Few things are as maddening as selecting literature appropriate for your ensemble. Everyone has opinions on what to play. Who is right?

As many of you return to school from the holiday break – likely with a snow day or two thrown in there for good measure – the task of selecting literature for your ensemble stares you in the face. Concert festivals are a minefield, filled with opinions from adjudicators whose score will be all that matters to your administration. It’s an all-too-common situation.

“You can’t play Holst’s First Suite! Everyone knows it and has an etched-in-stone opinion!”

“Not more John Mackey! He is played too much!”

“No! You should play (insert person’s favorite all-time piece. Your kids will love it!”
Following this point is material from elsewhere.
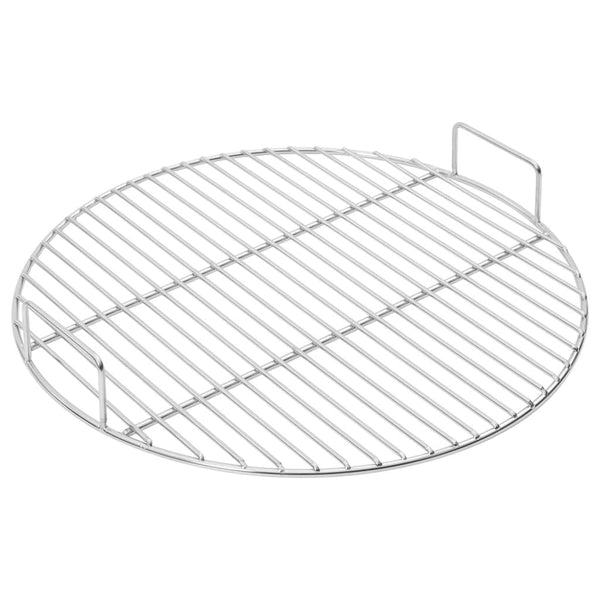 Vidaxl barbecuerooster met handgrepen rond ø44,5 cm 304 roestvrijstaal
Sure. These statements are not (completely) true. But similar things to these have been, and will continue to be, said. Selecting literature is not an easy task. Partly because of the range of material available, and partly because we care about our students’ opinions.

Sharing some thoughts

I recently purchased a copy of Rehearsing the Band, Vol. 2 by Donald Miller. This series of text provides concepts on working with wind bands from some of the best conductors and educators from the collegiate realm. Topics such as balance, rehearsal planning, and literature are discussed. While reading through the sections on literature, one thing became apparent: everyone had their own valid opinions.
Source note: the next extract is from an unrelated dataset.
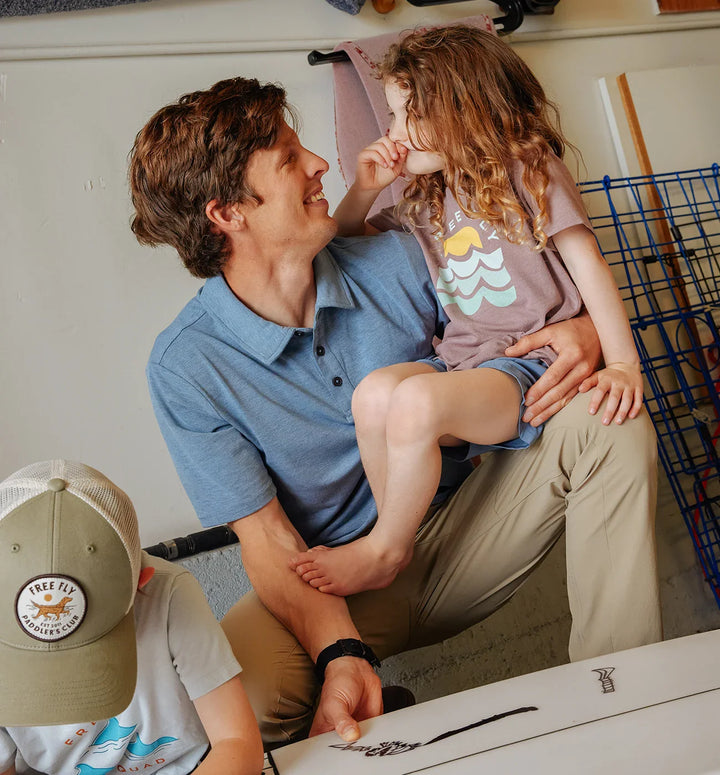 Free Fly Bamboo Flex Polo II Heather Aspen Grey lifestyle image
No two sections were the same. Most suggested playing music from a wide range of time periods and styles. There were thoughts on new music, chamber works, and transcriptions. A few conductors mentioned works standing the test of time which is really not in our hands to decide.

All in all, their thoughts and opinions do bring helpful information. But still, there is a level of personal taste involved. With that in mind, here are some things I consider when selecting literature.

  • Is there artistic and/or emotional value to the composition? Does it cause me to think? Does it move or excite me? (If I am not going to enjoy the piece, it will show and reflect by my ensemble’s performance)
  • Is the piece going to challenge my students musically?
  • Does the piece have historical significance?
  • Does the piece fit into our educational goals?

The most important aspect for me is the emotional and/or artistic value. Some compositions are like a new diet. You may not like the way it tastes or feels at first, but when all is finished you realize how much better off you are. I was lucky to conduct Steven Bryant’s Ecstatic Waters while attending Southern Miss. To this day, it was one of the most frustrating but rewarding experiences. The concepts presented we so new at the time the ensemble struggled at time to make the pieces fit. When they did, it was amazing.

The point of all this? Simple. Select repertoire that fits you and your ensemble. Your group may not be ready for Lincolnsire Posy or Hindemith’s Symphony in B-flat. There are other works that are artistically sound and emotionally moving. It doesn’t have to be about teaching your clarinets to cross the break, though there is nothing wrong with that. Finding balance in artistry and significance is just as important.